Ifage
21 janvier 2009 // 0 CommentairesAlain Petitpierre, directeur de l’institut leader de la formation continue et du perfectionnement professionnel à Genève, célèbre en janvier prochain sa 10ème année à la tête de l’IFAGE. Détenteur d’une position privilégiée au cœur de l’économie, les défis qu’il relève au quotidien n’enlèvent rien à son enthousiasme de professionnel de la formation. Rencontre avec un fin stratège.

Alain Petitpierre
© GBN
Combien d’étudiants, de personnel administratif et de formateurs comptez-vous à l’IFAGE pour 2008 ?
Nous comptons à ce jour, pour 24’000 inscrits à nos modules de formation, 40 membres du personnel administratif, et surtout 600 formateurs potentiels dont 300 actifs.
Quelle est la répartition du financement de l’IFAGE ?
Nous sommes subventionnés à hauteur de 18% (13% représentant un contrat de prestations avec l’Etat de Genève, et 5% provenant du Fonds de prévoyance professionnelle).
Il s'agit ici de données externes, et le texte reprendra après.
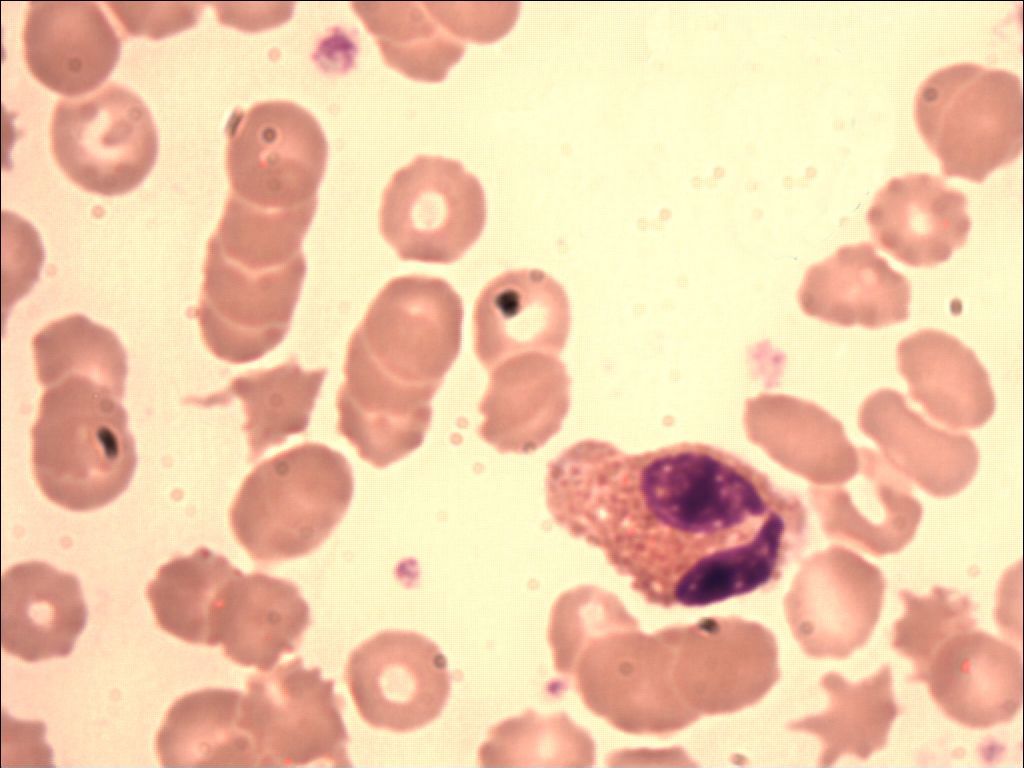 eosinophil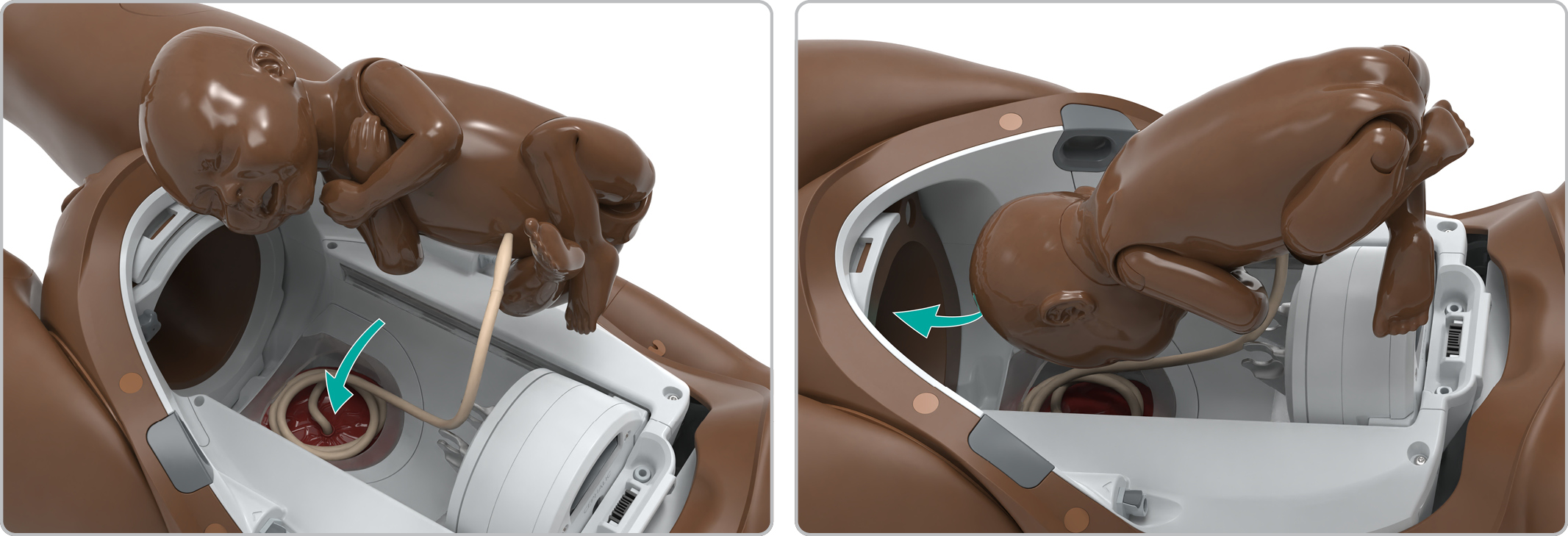 MA_Cephalic_setup3.jpg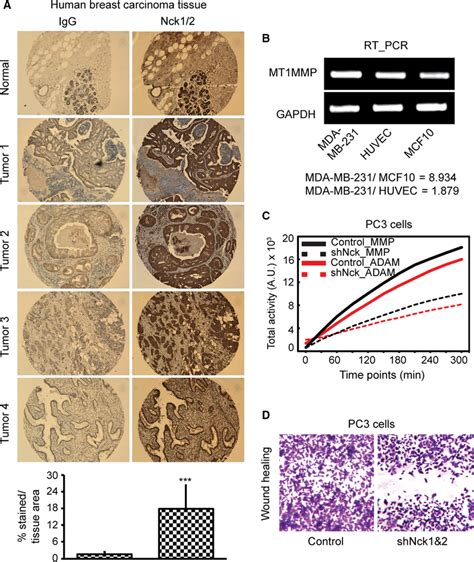 Nck Expression And Metalloprotease Activity In Cancer A Download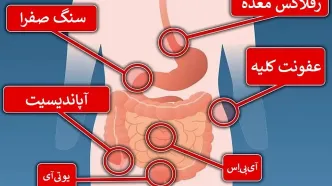 درد هر قسمت از شکم نشان دهنده چه مشکلی است؟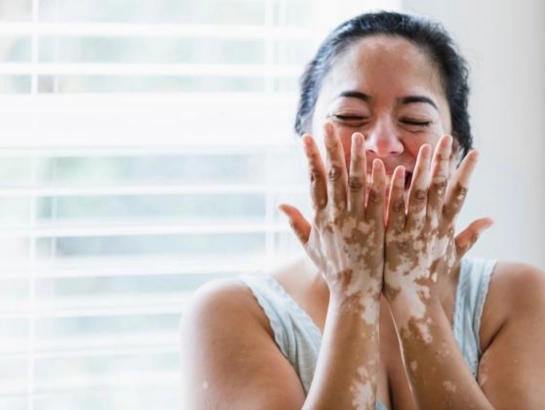 Vitiligo Prevention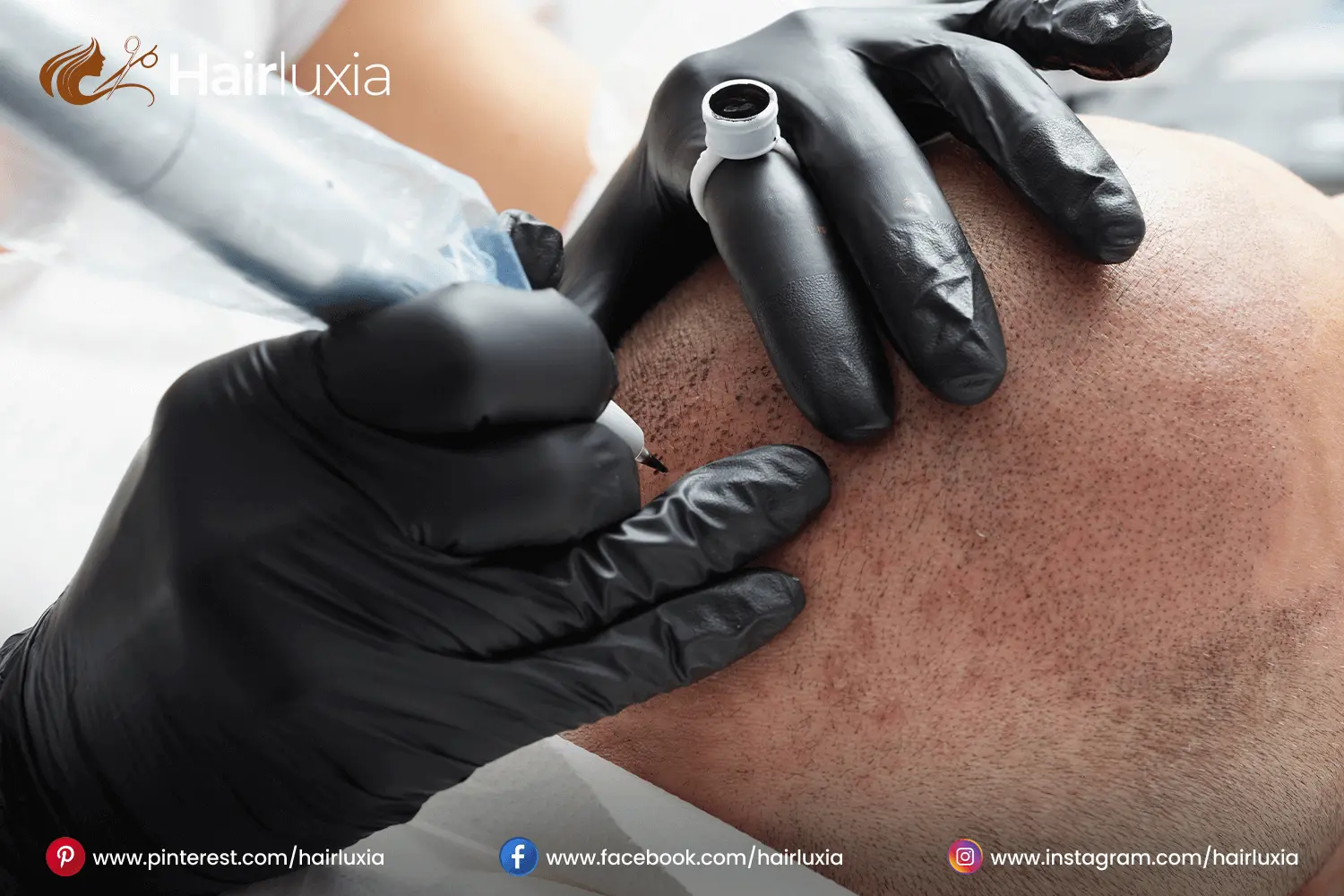 Direct Hair Implantation (DHI)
Les 82 autres pourcents des revenus proviennent des inscriptions. Ce dernier chiffre révèle la forte motivation des étudiants à suivre des cours de perfectionnement chez nous. Parmi ces 82%, seuls 10% proviennent directement des entreprises. Même si nos statistiques ne nous permettent pas encore d’évaluer clairement la part de l’employeur dans la motivation du collaborateur à suivre une formation continue ou un perfectionnement, 9 sur 10 règlent la facture par eux-mêmes. C’est un bon indicateur.
Comment percevez-vous l’évolution du marché de l’emploi depuis votre entrée en fonction ?
En 10 ans, l’économie a sensiblement évolué. Grâce à un contact privilégié avec mes formateurs, tous des professionnels actifs dans leur branche, j’ai toujours été en mesure d’anticiper les nouveaux besoins. Et je compte bien le faire encore à l’avenir.
Avant même que les entreprises à Genève présentes sur les marchés émergents n’en expriment concrètement le besoin, nous offrions déjà des cours de chinois et de russe. Cela grâce à une écoute attentive de l’ensemble des formateurs qui sont des éléments déterminants dans l’élaboration de notre offre de formations.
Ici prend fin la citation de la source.